What is the molecular geometry for ICl2 – (iodine dichloride)?
The Correct Answer and Explanation is:
The molecular geometry of ICl₂⁻ (iodine dichloride anion) is linear. To understand this, we need to examine the molecular structure using the VSEPR (Valence Shell Electron Pair Repulsion) theory, which helps predict the shape of molecules based on the number of bonding and non-bonding electron pairs around the central atom.
Steps to Determine the Molecular Geometry of ICl₂⁻:
- Count Valence Electrons:
- Iodine (I) has 7 valence electrons.
- Each chlorine (Cl) atom has 7 valence electrons.
- Since there are two chlorine atoms, we have 2 × 7 = 14 valence electrons from chlorine.

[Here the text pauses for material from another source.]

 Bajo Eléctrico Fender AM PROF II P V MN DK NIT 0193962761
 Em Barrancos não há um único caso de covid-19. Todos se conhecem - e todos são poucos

- The ICl₂⁻ ion has an additional electron due to its negative charge.
- Total valence electrons = 7 (I) + 14 (Cl) + 1 (for the charge) = 22 electrons.
- Lewis Structure:
- In the Lewis structure, iodine is the central atom, bonded to two chlorine atoms.
- Each Cl atom forms a single bond with iodine, using 2 electrons per bond (4 electrons total for two bonds).
- After forming the bonds, 18 electrons remain.
- These remaining electrons are distributed as three lone pairs around the iodine atom, which is capable of expanding its octet due to its position in Group 17.
- Electron Pair Geometry:
- The total number of electron groups (bonding pairs + lone pairs) around iodine is five (two bonding pairs from I-Cl bonds and three lone pairs).
- According to VSEPR theory, five electron groups arrange themselves in a trigonal bipyramidal geometry.
- Molecular Geometry:
- In ICl₂⁻, the three lone pairs occupy the equatorial positions to minimize repulsion, leaving the two I-Cl bonds to occupy the axial positions.
- This arrangement results in a linear molecular geometry for the ICl₂⁻ ion, with a bond angle of 180 degrees.
In summary, the molecular geometry of ICl₂⁻ is linear due to the presence of two bonding pairs and three lone pairs, which leads to an arrangement that maximizes the distance between the electron pairs according to VSEPR theory.